I appreciate that my earlier comments have been addressed. However, the authors’ response raised a new and important concern for me:
How do you ensure that the Lyapunov conditions actually hold over the entire state space? In other words, how do you verify that the neural network you've trained is truly a valid Lyapunov function? From what I understand, methods like - CROWN require access to the explicit dynamics, or at least a reliable surrogate model. Right now, there seems to be a gap between training the neural network and confirming that it satisfies the theoretical conditions you have stated. You have mentioned model-free multiple times, but I suspect this is not the case. Learning part is indeed model-free, but, based on my understanding of the paper, verification does actually require model of the system.
Thank you for raising this important point and for your careful reading of our paper.
You are right that formal verification of the Lyapunov conditions using - CROWN requires access to the system dynamics model. Section 6 focuses on formal verification using - CROWN and indeed requires knowledge of the system dynamics, as detailed in Appendix F.
In contrast, the learning process for a candidate generalized Lyapunov function in Section 5 is model-free. The training requires system transitions, such as those utilized by RL algorithms, but not the actual model of the system. We train a neural network model to satisfy the generalized Lyapunov conditions across the training dataset and rely on the network's generalization to unseen samples to ensure that the Lyapunov candidate is valid across the whole state space. In this case, we do not perform formal verification but provide empirical evaluations over discretized state grids, as reported in Table 1. Hence, in settings where access to ground-truth dynamics is unavailable or the method is applied to high-dimensional systems, we view our approach as a practical step toward improving the robustness and stability of RL policies.
Authors have made a genuinely effort to address my comments, and I appreciate that. To me, it looks like an incremental work compared to k-induction, thus, it requires significantly better empirical evaluation.
Thank you again for your thoughtful feedback and for acknowledging our efforts in addressing your comments.
We would like to respectfully clarify our position regarding your final remark that the contribution appears incremental compared to k-induction.
To our knowledge, no multi-step neural stability certificates have been proposed before. While there is a growing body of work [1–7] on learning Lyapunov stability certificates for neural control policies, our formulation introduces a novel and nontrivial extension. Specifically, our method is able to certify policies and systems that existing neural Lyapunov methods cannot, and it consistently provides larger certified regions of attraction in experiments.

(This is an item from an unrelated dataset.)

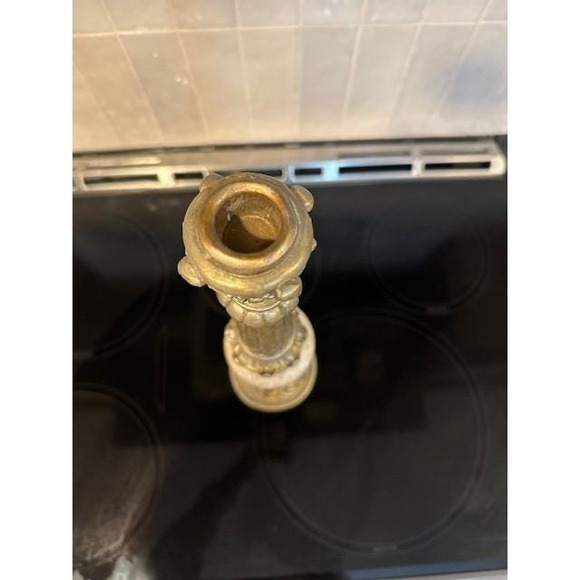 Ornate Gold Tone Marble Accent Pillar Candlestick Holder Vintage Elegant Decor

As noted in our earlier response, our method is structurally distinct from standard k-induction. Rather than requiring a strict decrease at a specific final step, our condition enforces a decrease in a weighted average over future states. These weights can be learned or tuned, offering significantly more flexibility. While there are interesting connections to k-inductive reasoning, we believe this distinction is important. Furthermore, to our knowledge, k-induction has not been applied to learning stability certificates that certify the stability of neural (RL) policies.
We hope this clarification helps convey the novelty and significance of our contribution. Thank you again for your careful review.
References:
[1]. Ya-Chien Chang, Nima Roohi, and Sicun Gao. Neural Lyapunov control. In Advances in Neural Information Processing Systems, volume 32, 2019.

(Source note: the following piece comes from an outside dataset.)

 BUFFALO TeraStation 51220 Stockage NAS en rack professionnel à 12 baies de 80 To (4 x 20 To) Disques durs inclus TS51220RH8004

[2]. Yinlam Chow, Ofir Nachum, Edgar Duenez-Guzman, and Mohammad Ghavamzadeh. A Lyapunov-based approach to safe reinforcement learning. In Advances in Neural Information Processing Systems, volume 31, 2018.

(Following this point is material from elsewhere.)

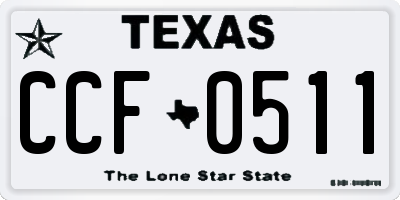 TX license plate CCF0511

[3]. Hongkai Dai, Benoit Landry, Lujie Yang, Marco Pavone, and Russ Tedrake. Lyapunov-stable neural-network control. In Proceedings of Robotics: Science and Systems, Virtual, July 2021.
[4]. Nathan Gaby, Fumin Zhang, and Xiaojing Ye. Lyapunov-net: A deep neural network architecture for Lyapunov function approximation. In IEEE 61st Conference on Decision and Control (CDC), 2022.
[5]. Charles Dawson, Sicun Gao, and Chuchu Fan. Safe control with learned certificates: A survey of neural Lyapunov, barrier, and contraction methods for robotics and control. IEEE Transactions on Robotics, 2023.
[6]. Junlin Wu, Andrew Clark, Yiannis Kantaros, and Yevgeniy Vorobeychik. Neural Lyapunov control for discrete-time systems. In Advances in Neural Information Processing Systems, volume 36, pages 2939–2955, 2023.
[7]. Lujie Yang, Hongkai Dai, Zhouxing Shi, Cho-Jui Hsieh, Russ Tedrake, and Huan Zhang. Lyapunov-stable neural control for state and output feedback: A novel formulation. In Forty-first International Conference on Machine Learning, 2024.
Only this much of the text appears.